Peckinpah's first film as a director, "The Deadly Companions" (1961), plus "Ride the High Country" (1962), "Major Dundee" (1965), "The Wild Bunch" (1969) and "Pat Garrett and Billy the Kid" (1973) form an arc in the stylistic span of outlaw mythology; among other accomplishments, they raised to the level of perverse sacrament the male gesture of mutual respect that supersedes fear of death. His "semi-westerns," "The Ballad of Cable Hogue" (1970) and the director's personal favorite, the lovely and atypically gentle "Junior Bonner" (1972), extended his theme of the demise of a noble way of life in the face of a modern world. "The Getaway" (1972) and "Convoy" (1978) put contemporary anti-heroes ahead of as well as outside the law.
Perhaps his most controversial film was "Straw Dogs" (1971); the inevitable brutality of its protagonist, ostensibly a man of reason, offers a metaphor on the ancient bent of the human psyche vis-a-vis personal territory and blood rites. "Bring Me the Head of Alfredo Garcia" (1974), reputedly autobiographical, was a psychodrama refracted through a tequila haze, a saga of a loner/artiste who reaps the grotesque wages of sin on a desperate trek of atonement. Peckinpah's distrust of policymakers was reflected in "The Killer Elite" (1975) and his last film, "The Osterman Weekend," (1983), both essays on vicious tactics and dissolute friendship in the CIA. "Cross of Iron" (1977), Peckinpah's largest production, is a fiercely edited view of World War II slaughter where the Wehrmacht wear the patented scars of his honorable killers.
Few directors have had more conflict with studio heads and producers than Peckinpah. Feuds over the content and final cuts of "Major Dundee" (after which Peckinpah was blacklisted for three years), "The Wild Bunch" and "Pat Garrett" are the stuff of Hollywood legend. Critical response to his work has often been as violent as the films themselves, with Peckinpah frequently berated for demeaning women and excessively glorifying male exploits. On an aesthetic level, Peckinpah is celebrated for his slow motion furies, first employed in a 1963 entry of TV's "Dick Powell Theater" called "The Losers," exercised to startling effect in "The Wild Bunch", but somewhat overused in subsequent work. "Cathartic violence" was a term that seemed coined to define his iconoclastic postures. In Peckinpah's Conradian scheme that mixes nobility with tragedy, all are guilty to some degree and all have their reasons. His work typically exists on a skewed moral plane between eras and cultures, with ambiguous quests for identity and redemption undertaken by hopelessly lost outcasts and enemies. He vividly defines the thin line between internal conflict and external action, and, perhaps most importantly, the violent displacement of a false code of honor (and law itself) by another more enduring and devout.
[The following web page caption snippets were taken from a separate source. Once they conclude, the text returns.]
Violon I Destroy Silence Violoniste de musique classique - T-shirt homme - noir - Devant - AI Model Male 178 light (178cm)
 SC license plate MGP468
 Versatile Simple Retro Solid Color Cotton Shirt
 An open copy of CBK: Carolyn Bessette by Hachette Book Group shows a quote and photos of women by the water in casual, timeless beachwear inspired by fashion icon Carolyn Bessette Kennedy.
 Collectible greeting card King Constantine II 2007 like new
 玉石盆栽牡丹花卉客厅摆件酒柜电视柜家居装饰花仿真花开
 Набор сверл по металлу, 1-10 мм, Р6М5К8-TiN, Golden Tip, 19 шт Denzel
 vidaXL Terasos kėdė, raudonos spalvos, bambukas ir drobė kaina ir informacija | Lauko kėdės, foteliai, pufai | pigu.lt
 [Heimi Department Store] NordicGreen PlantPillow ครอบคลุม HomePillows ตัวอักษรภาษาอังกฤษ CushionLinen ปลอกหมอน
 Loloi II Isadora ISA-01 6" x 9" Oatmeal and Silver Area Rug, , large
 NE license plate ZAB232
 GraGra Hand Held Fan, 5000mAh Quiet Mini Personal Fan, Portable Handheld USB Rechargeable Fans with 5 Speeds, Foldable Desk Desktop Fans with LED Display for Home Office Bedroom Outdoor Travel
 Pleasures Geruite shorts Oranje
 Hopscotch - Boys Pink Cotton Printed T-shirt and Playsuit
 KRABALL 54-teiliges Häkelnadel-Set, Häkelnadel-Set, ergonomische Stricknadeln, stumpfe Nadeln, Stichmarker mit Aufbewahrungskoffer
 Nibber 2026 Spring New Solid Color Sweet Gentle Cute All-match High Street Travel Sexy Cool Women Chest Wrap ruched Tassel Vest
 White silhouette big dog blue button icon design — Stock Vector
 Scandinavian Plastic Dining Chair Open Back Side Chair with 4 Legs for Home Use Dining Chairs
As thorny as his relationships with producers and executives were, Peckinpah could inspire extraordinary loyalty among actors and technicians. An ensemble of notable Peckinpah players would include David Warner, Warren Oates, L.Q. Jones, Strother Martin, James Coburn, Kris Kristofferson and Ben Johnson. Peckinpah also enjoyed repeated and fruitful collaborations with cinematographers Lucien Ballard and John Coquillon and composer Jerry Fielding.